Exercise goal » The listing below should be printed in full and exactly, apart from its images.

-- Collected data follows --

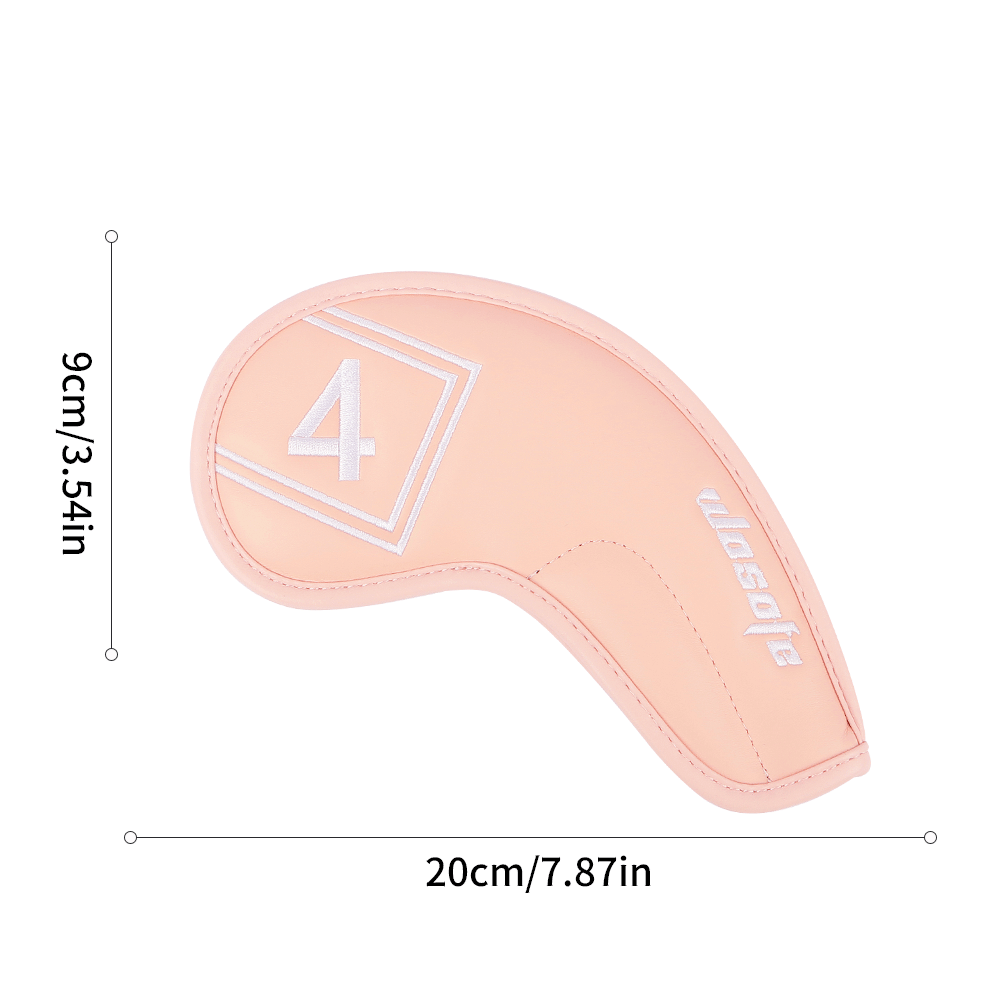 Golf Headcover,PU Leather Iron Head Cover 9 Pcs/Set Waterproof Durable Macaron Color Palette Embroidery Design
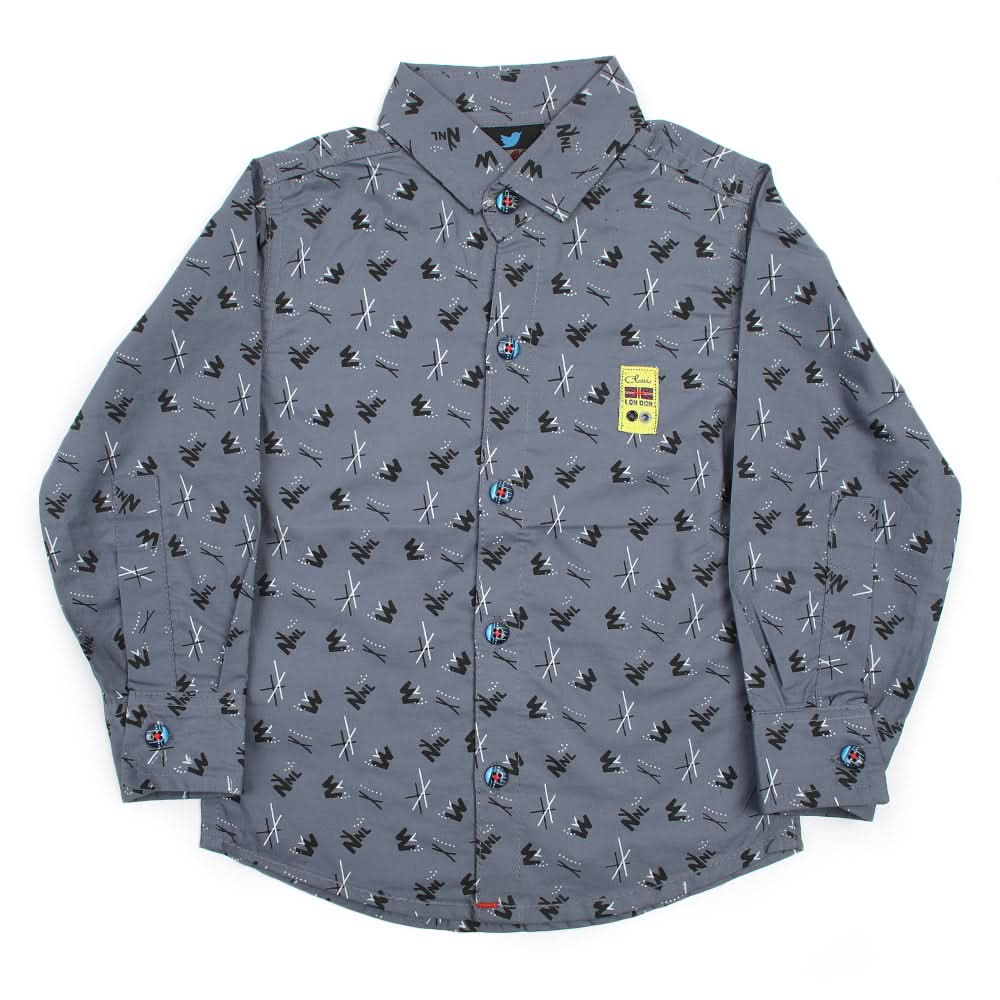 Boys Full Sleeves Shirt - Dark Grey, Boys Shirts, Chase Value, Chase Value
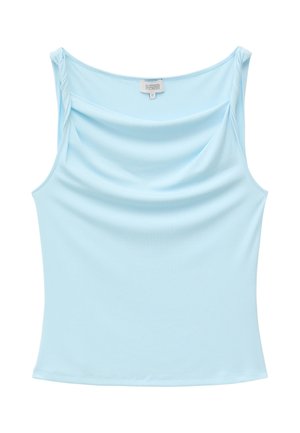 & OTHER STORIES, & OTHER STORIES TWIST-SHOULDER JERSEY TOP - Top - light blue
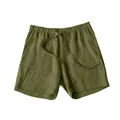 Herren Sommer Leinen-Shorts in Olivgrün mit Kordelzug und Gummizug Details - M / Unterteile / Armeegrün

-- Collected data concluded --

Solution to this exercise »
 Golf Headcover,PU Leather Iron Head Cover 9 Pcs/Set Waterproof Durable Macaron Color Palette Embroidery Design
 Boys Full Sleeves Shirt - Dark Grey, Boys Shirts, Chase Value, Chase Value
 & OTHER STORIES, & OTHER STORIES TWIST-SHOULDER JERSEY TOP - Top - light blue
 Herren Sommer Leinen-Shorts in Olivgrün mit Kordelzug und Gummizug Details - M / Unterteile / Armeegrün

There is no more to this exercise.